PROBLEM REQUIREMENTS
Exactly as written, retype the listing below, omitting the pictures.

INFORMATION SUPPLIED
..............................

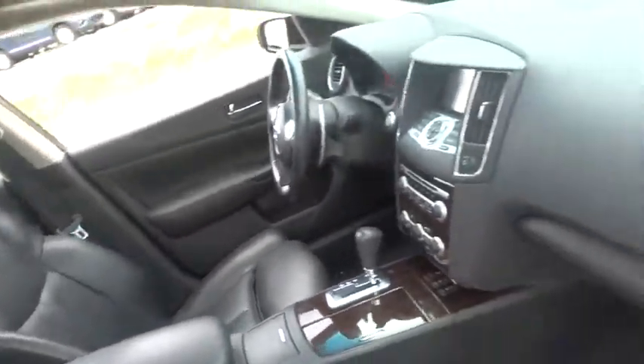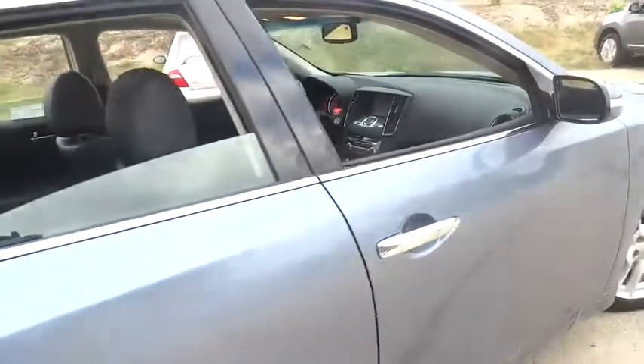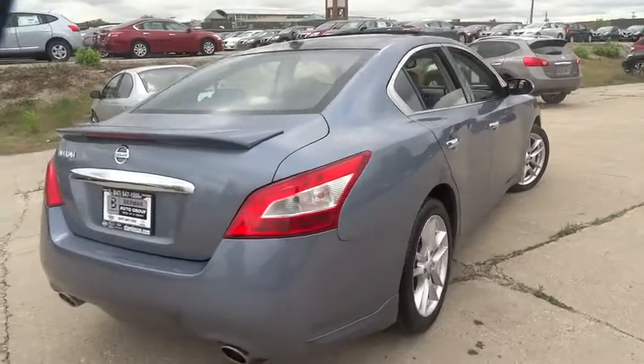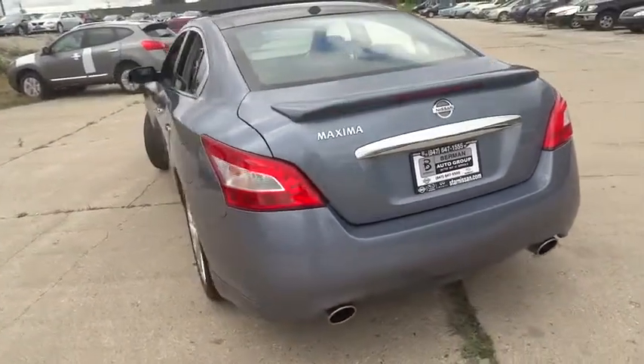Traction control, power passenger seat, dual airbags, leather-wrapped steering wheel, power steering, AM-FM stereo with in-dash six-disc CD changer, air conditioning, front alloy wheels, four-wheel disc brakes, center armrest.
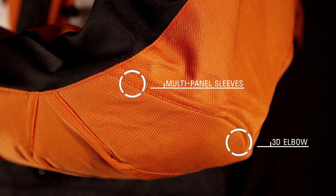Pre-curved multiple panel sleeves afford an excellent fit in the riding position, while an innovative 3D elbow construction with padded reinforcements enhances comfort and shock absorption.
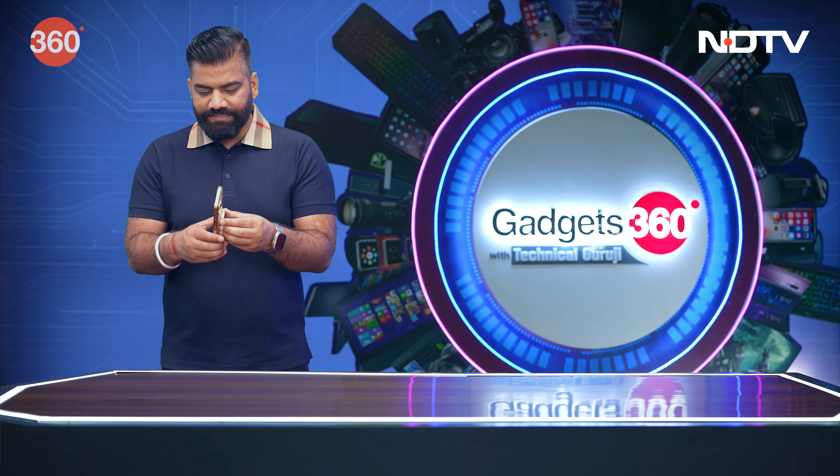Hello friends, welcome back after the break to your favorite show, Gadgets 360 with Technical Guruji. Before the break, I was showing you some interesting information around interesting gadgets, but now it's time to share a very interesting tip. This week I've got something very interesting.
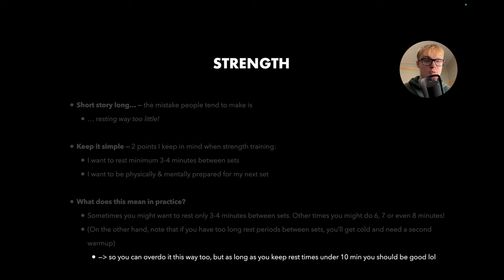Bottom line: you want to base it on your performance and how you feel. Make sure you're mentally and physically ready for your next set. I would absolutely recommend a minimum of three to four minutes if you're serious about making progress. A lot of my sessions I end up at five minutes, sometimes closer to six. That sort of range — four and a half to six minutes — is where I typically land.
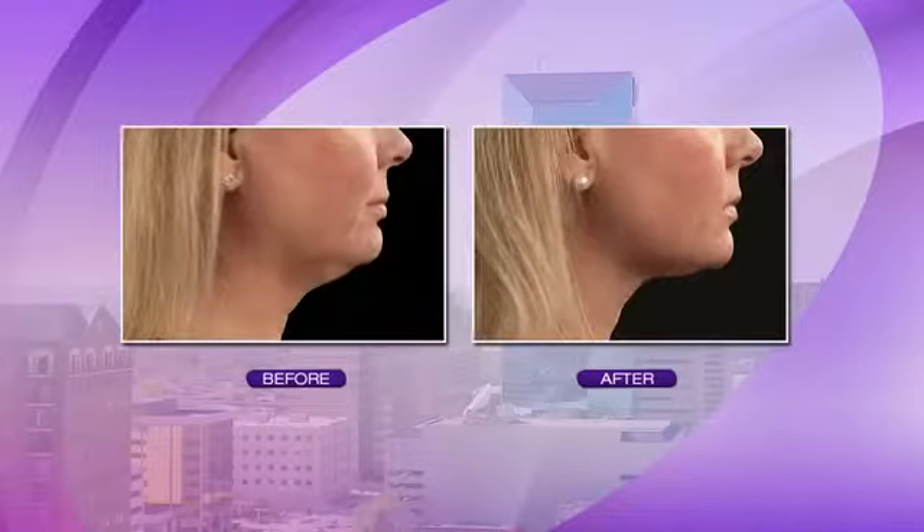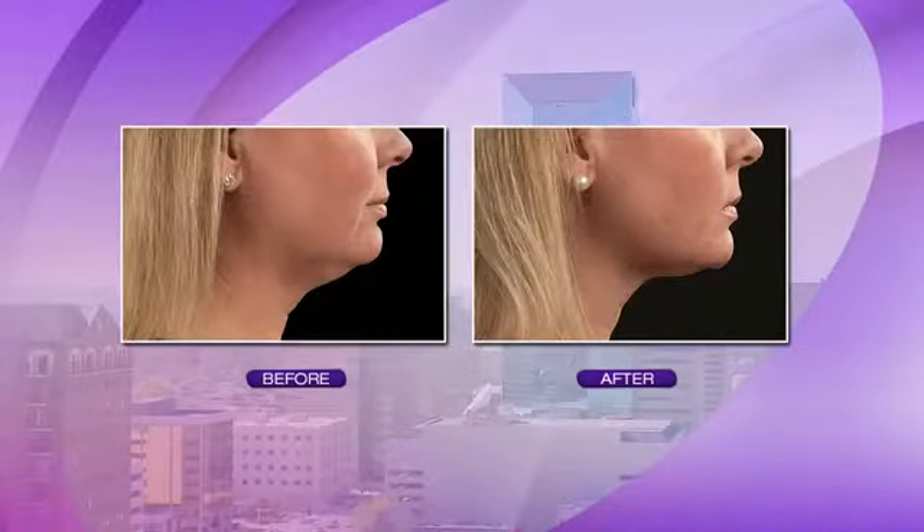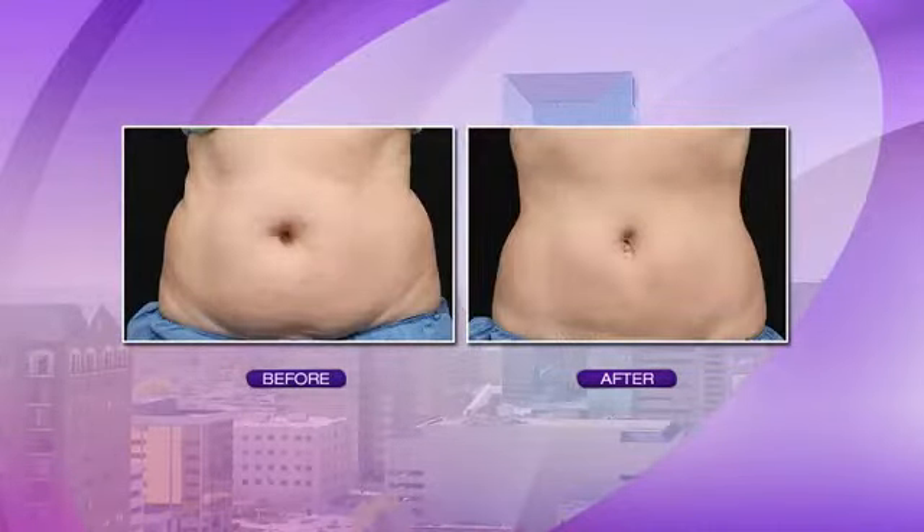The next photo — wow, look at the difference on the chin. That's remarkable, and that's after just one treatment. This shows the kind of strides you can make with CoolSculpting. Bluegrass Medical Aesthetics has been focused on body sculpting and medical weight loss for years.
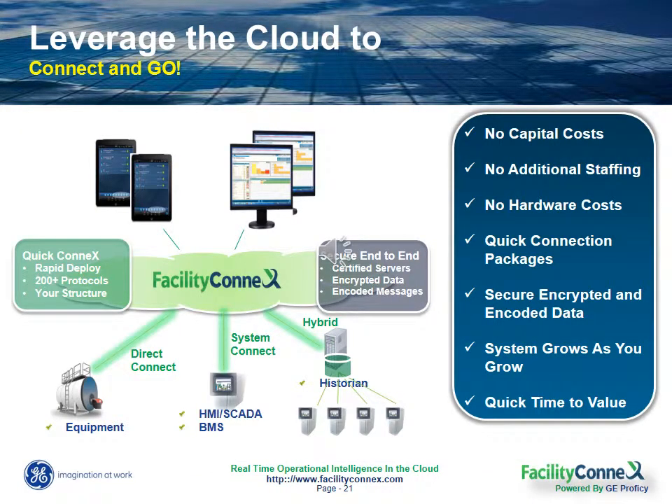One of the biggest advantages of working with Facility Connects is that we can connect to virtually any piece of equipment, regardless of what vendor, manufacturer, or systems that you might have. And we can do it in a matter of hours, not weeks or months. Once we establish the basic connection to your equipment, we'll work with you to define your data model so that it helps you visualize your equipment and performance metrics in a manner that makes best sense for you.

..............................

SOLUTION FOR THIS EXERCISE
Traction control, power passenger seat, dual airbags, leather-wrapped steering wheel, power steering, AM-FM stereo with in-dash six-disc CD changer, air conditioning, front alloy wheels, four-wheel disc brakes, center armrest.
Pre-curved multiple panel sleeves afford an excellent fit in the riding position, while an innovative 3D elbow construction with padded reinforcements enhances comfort and shock absorption.
Hello friends, welcome back after the break to your favorite show, Gadgets 360 with Technical Guruji. Before the break, I was showing you some interesting information around interesting gadgets, but now it's time to share a very interesting tip. This week I've got something very interesting.
Bottom line: you want to base it on your performance and how you feel. Make sure you're mentally and physically ready for your next set. I would absolutely recommend a minimum of three to four minutes if you're serious about making progress. A lot of my sessions I end up at five minutes, sometimes closer to six. That sort of range — four and a half to six minutes — is where I typically land.
The next photo — wow, look at the difference on the chin. That's remarkable, and that's after just one treatment. This shows the kind of strides you can make with CoolSculpting. Bluegrass Medical Aesthetics has been focused on body sculpting and medical weight loss for years.
One of the biggest advantages of working with Facility Connects is that we can connect to virtually any piece of equipment, regardless of what vendor, manufacturer, or systems that you might have. And we can do it in a matter of hours, not weeks or months. Once we establish the basic connection to your equipment, we'll work with you to define your data model so that it helps you visualize your equipment and performance metrics in a manner that makes best sense for you.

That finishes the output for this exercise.